I remember really crying, singing “I surrender”; I was thinking: “Can I really say these words and believe them?” Seeing people with their hands in the air, truly expressing their love for God, was quite a strange experience for us, but it wasn’t scary.

At the same time as I was encountering God, my husband was wrestling with different issues. He was really intrigued with this new expression of church; one that he hadn’t seen before. How different it felt, how people were expressing a really intimate relationship with Jesus. But he had hang-ups with the idea of going to a happy-clappy church and it all being a bit full-on. We wanted to feel we could dip our toes in and then run away if we didn’t like it.

For me it was more of an emotional experience, which then became cerebral later. But for him, he’s much more in his head; he needed to understand it and intellectualise it first. He went on the Alpha course and got a lot from that.

In the light

We had been going to church for a month when my dad was diagnosed with terminal cancer.
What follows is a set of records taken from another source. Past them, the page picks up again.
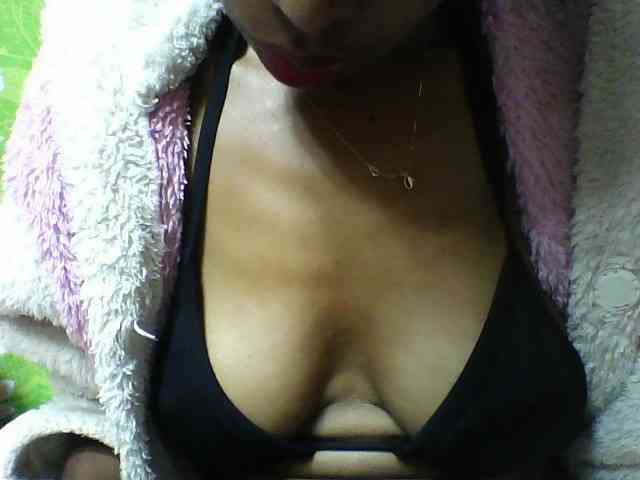 seths webcam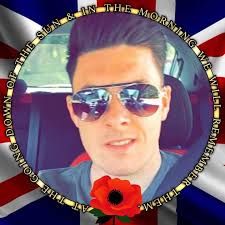 The HFD Charitable Foundation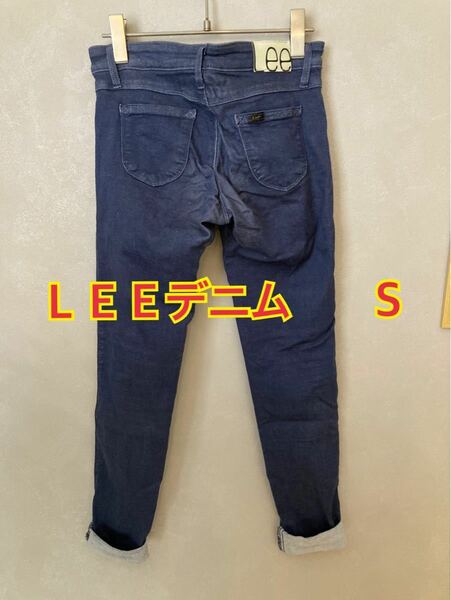 Levi''s デニムパンツ DENIM PANTS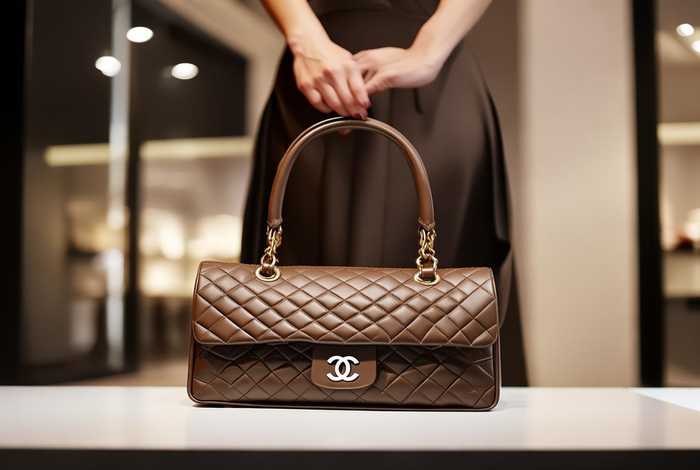 香奈儿中国官网女包官方旗舰店 香奈儿包包中国官网旗舰店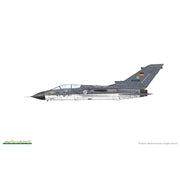 Eduard 11165 1/48 Tornado IDS German Air Force LTD ED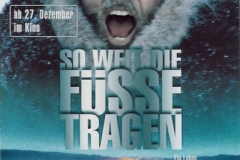 so_weit_die_fuesse_tragen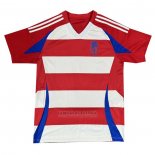 Tailandia Camisola Granada 1º 2024-2025
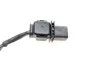 Лямбда-зонд HYUNDAI/KIA ix35/Sportage/Santa Fe/Sorento/Cerato/ix55/Carnival \&#039;\&#039;2,0-2,2 \&#039;\&#039;09-15 BOSCH 0281004089 (фото 5)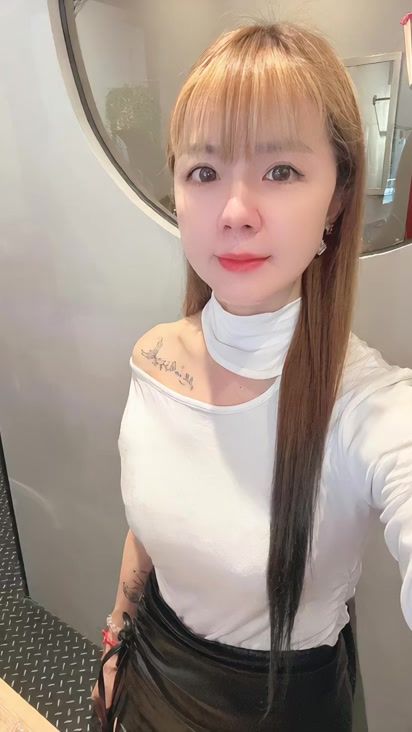 TikTok video thumbnail by sandy.02140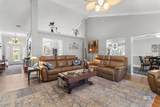 1362 Fairway Drive - Photo 12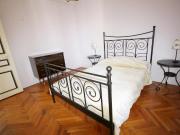 En location Appartement 2 pièces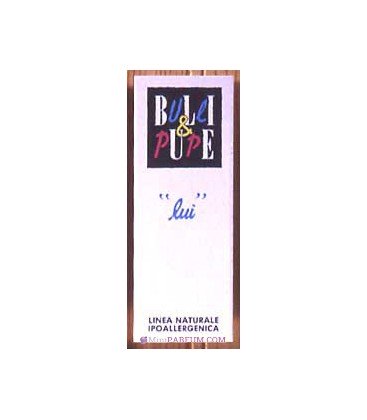 "Lui"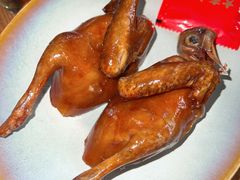 -台山侨雅海鲜粥底火锅(台山侨雅花苑店)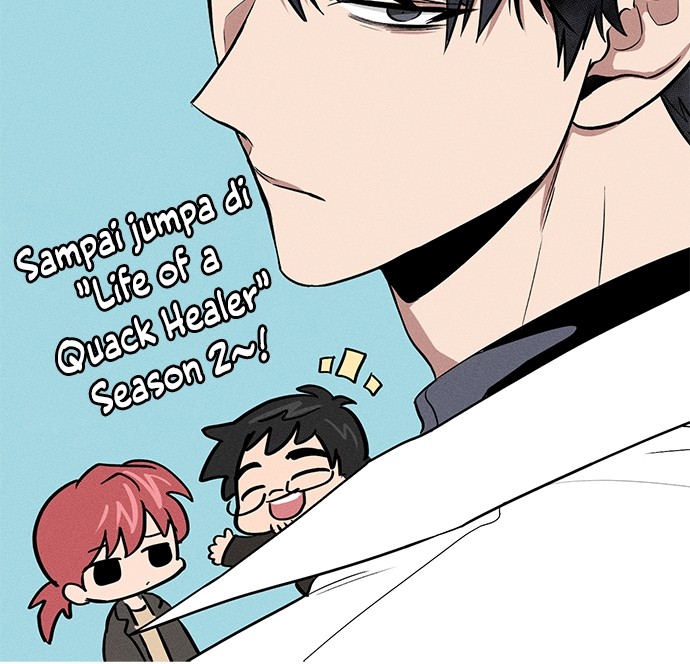 Chapter 78 - halaman 148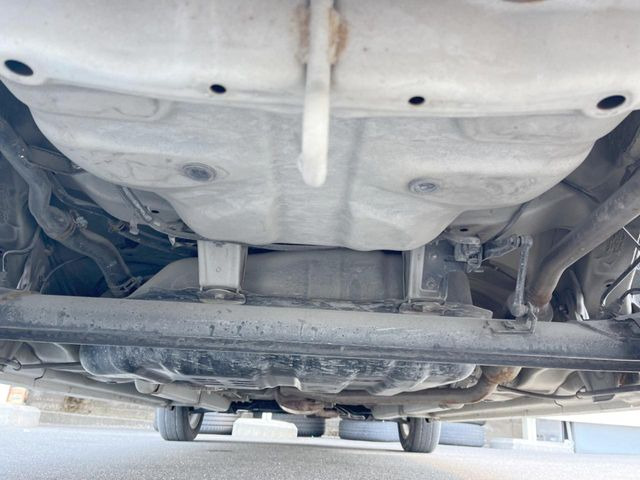 ����肪���ꂢ�Ȃ����ɁA�h�K���H�̎{�H���I�X�X���B�~��n��͂������A���ݕ��ɂ��Z���̕���A��Ń}�����E�E�B���^�[�X�|�[�c���������ɑ�ύD�]���������Ă���܂��B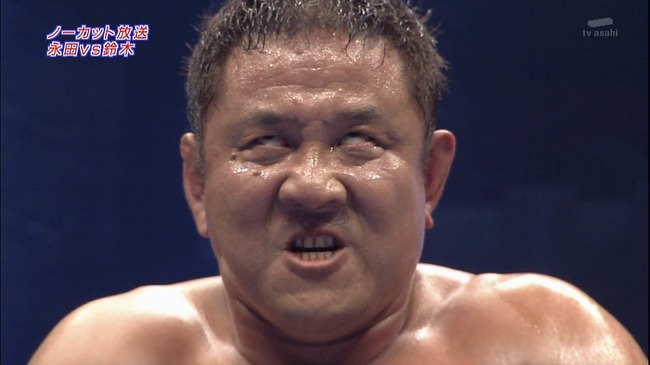 20130527_suzukiminoru_17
I really believe that God took me by the hand and brought me to the space I needed to be in before I heard that news. If we had started going to church after that point, I would have felt that I was grasping for something, looking for a crutch to get through difficult times, but God revealed himself first and so instead I was able to process what was happening.

Even now, with my dad being unwell, I feel really blessed. I used to feel anxiety the whole time. I probably wouldn’t have called it that, but I used to worry all the time about everything. But through prayer and worship I just don’t feel that way any more. I know that God knows all of the good and bad in me and loves me anyway, and because I know I’m not on my own, that anxiety has gone. I feel much more able to approach everything.

My relationship with my husband is better too. We communicate more effectively and my husband sees life through a different lens. I genuinely think him coming to faith has put a new filter over his eyes. He is so much more compassionate and kind to everyone.

In the past when a friend would ask for advice about a situation where they had been wronged by someone, my natural inclination would be to say: “Don’t let them get away with that!” But now my advice is to feel love and compassion for that person. I remember reading a passage in John about being in the light and it really resonated with me. If you engage with those dark thoughts, those evil thoughts, it takes you into the darkness and, actually, it’s about keeping yourself in the light.

I have been so blessed by meeting with people from church during the week. We read a passage from the Bible and then somehow it pops into my head at just the right moment. There have been so many examples of that. I’ve come to realise it’s a living, breathing word.

I know that this is just the beginning of our journey and the hard work of figuring everything out starts now. I knew I was lucky before, but that all pales into the shadows in comparison to feeling held by God. I feel so blessed now. Life is so much better when God is involved.